→ Task item
In your copy of the data below, reproduce every entry exactly and omit the pictures.

→ Listed entries

--- START ---

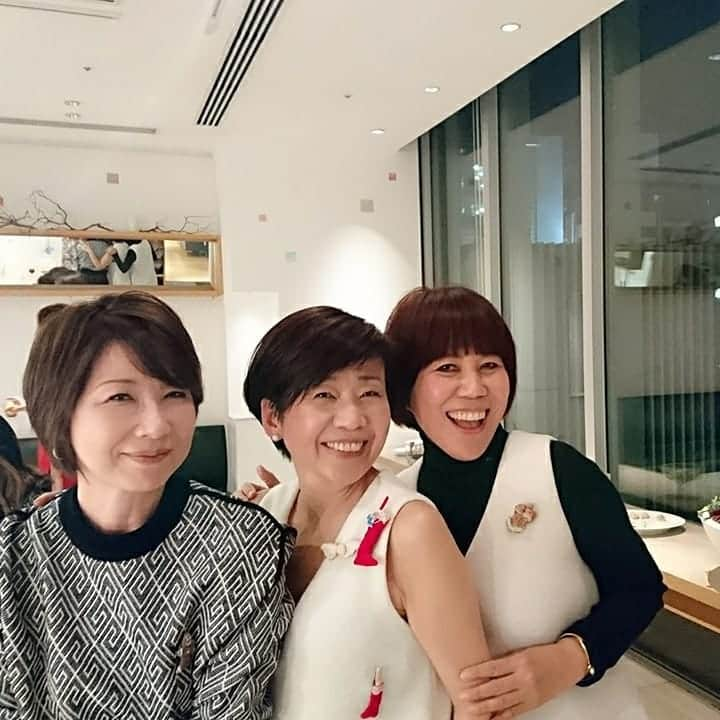 伊藤蘭さんのインスタグラム写真 - (伊藤蘭Instagram)「🍸 さあ～ なにかと 忙しい時期に 突入ですね😆 皆様 忘年会続きで お疲れが でないようにね💛  そして またまた この3shot📷😊 刺繍の はづき先生を 中心に 素敵な 生徒さんが集合して 楽しい忘年会でした✨ ひろみさんと はづきさんは おそろﾜﾝﾋﾟですよ👗✨ 胸についてる 可愛いﾌﾞﾛｰﾁは もちろん はづき先生作です😍  #忘年会  #ウカフェ」12月18日 18時48分 - ranito_official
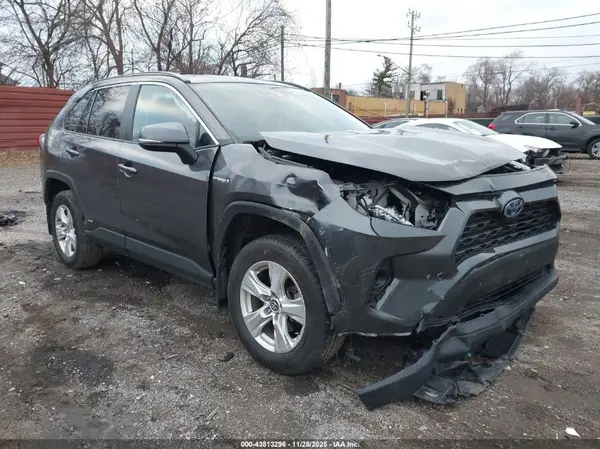 4T3R6RFVXMU008492 2021 TOYOTA RAV 4 - Image 1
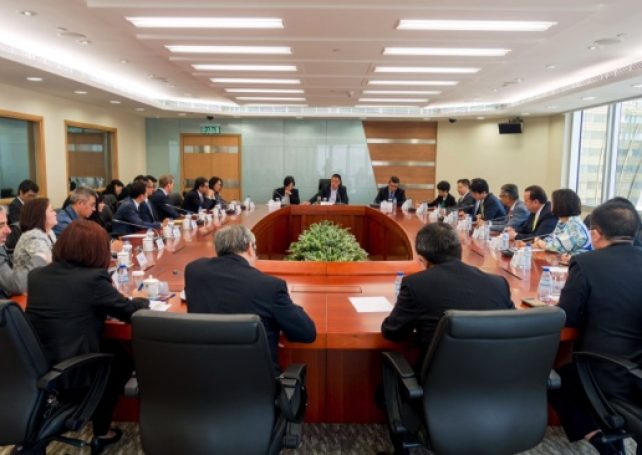Macau Secretary for Economy and Finance meets gaming operators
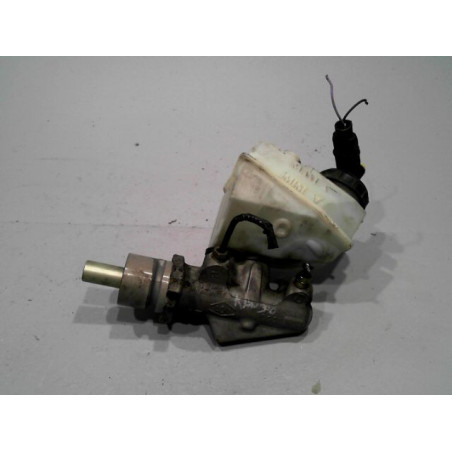 MAITRE CYLINDRE RENAULT KANGOO 2003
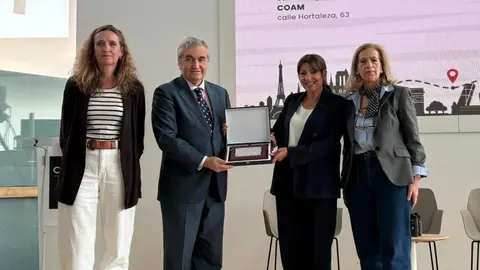Entrega de la placa de honor del COAM a la exalcaldesa de Par&iacute;s, Anne Hidalgo. En la imagen, Eugenia del R&iacute;o, secretario del COAM, Sigfrido Herr&aacute;ez, decano del COAM, Anne Hidalgo, Pilar P&eacute;rez de la Cuadra, tesorera del COAM.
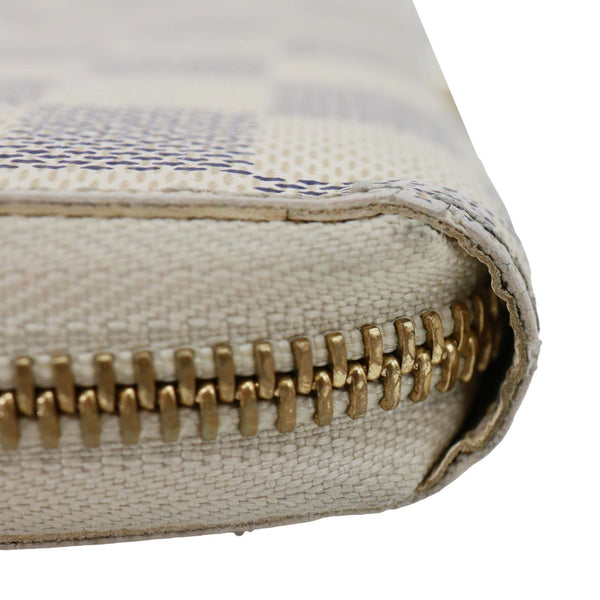 LOUIS VUITTON Damier Azur Zippy Wallet White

--- END ---

→ Written answer
 伊藤蘭さんのインスタグラム写真 - (伊藤蘭Instagram)「🍸 さあ～ なにかと 忙しい時期に 突入ですね😆 皆様 忘年会続きで お疲れが でないようにね💛  そして またまた この3shot📷😊 刺繍の はづき先生を 中心に 素敵な 生徒さんが集合して 楽しい忘年会でした✨ ひろみさんと はづきさんは おそろﾜﾝﾋﾟですよ👗✨ 胸についてる 可愛いﾌﾞﾛｰﾁは もちろん はづき先生作です😍  #忘年会  #ウカフェ」12月18日 18時48分 - ranito_official
 4T3R6RFVXMU008492 2021 TOYOTA RAV 4 - Image 1
Macau Secretary for Economy and Finance meets gaming operators
 MAITRE CYLINDRE RENAULT KANGOO 2003
Entrega de la placa de honor del COAM a la exalcaldesa de Par&iacute;s, Anne Hidalgo. En la imagen, Eugenia del R&iacute;o, secretario del COAM, Sigfrido Herr&aacute;ez, decano del COAM, Anne Hidalgo, Pilar P&eacute;rez de la Cuadra, tesorera del COAM.
 LOUIS VUITTON Damier Azur Zippy Wallet White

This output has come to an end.